On 1/10/25 08:08, Rik van Riel wrote:
> On Fri, 2025-01-10 at 07:14 -0800, Dave Hansen wrote:
...
>> I think the key thing we need to decide is whether to treat a single
>> INVLPGB(stride=8) more like a single INVLPGB or eight INVLPGBs.
>> Measuring a bunch of invalidation looks should tell us that.
> 
> Would I be wrong to assume that the CPUs have
> some optimizations built in to efficiently
> execute an invalidation for "everything in a
> PCID"?

There's only a few bits in the actual TLBs to store the PCID (or VPID),
roughly 3 on Intel. Then there's another structure to map between the
architectural PCID and the 3 bits of actual hardware alias.

That's what I know.

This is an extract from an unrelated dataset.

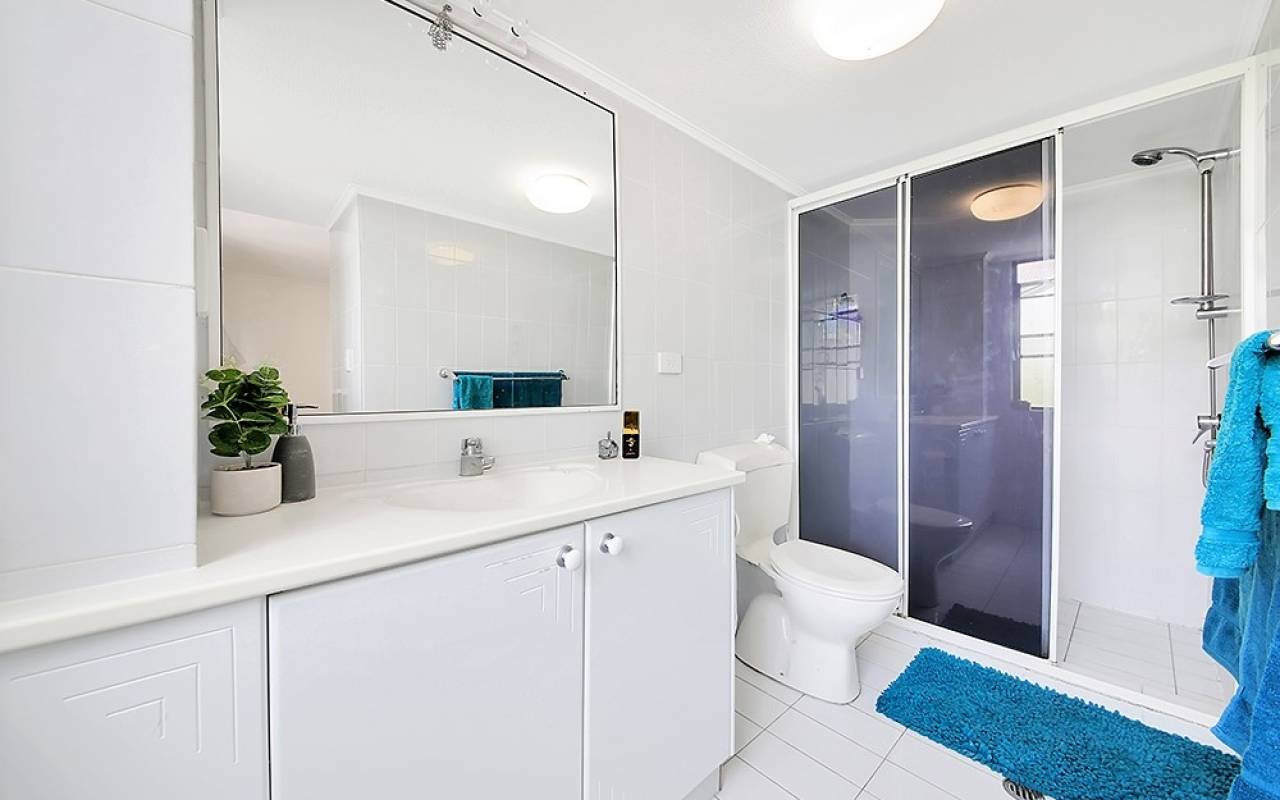 4/33 Montana Ave, Mermaid Beach, QLD 4218 AU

The rest is pure speculation:

All you have to do in theory is zap the one entry in the PCID=>HW
mapping structure to invalidate a whole PCID. You don't need to run
through the TLB itself to invalidate it.

You need to do something else to make sure that the now-unused 3-bit
hardware identifier gets reused at _some_ point, but there may be other
tricks for that.

> The "global invalidate" we send does not
> zap everything in the TLB, but only the
> translations for a single PCID.
> 
> I suppose we should measure these things
> at some point (after I do the other
> cleanups?), because the CPUs may well have
> made a bunch of optimizations that we
> don't know about.

IIRC, the "big" invalidation modes are pretty cheap to execute. Most of
the cost comes from the TLB refill, not the flush itself.

But there's no substitute for actually measuring it. There's some wonky
stuff out there. The last time Andy L. went and looked at it, there were
oddities like INVPCID's "Individual-address invalidation" and INVLPG
having surprisingly different performance.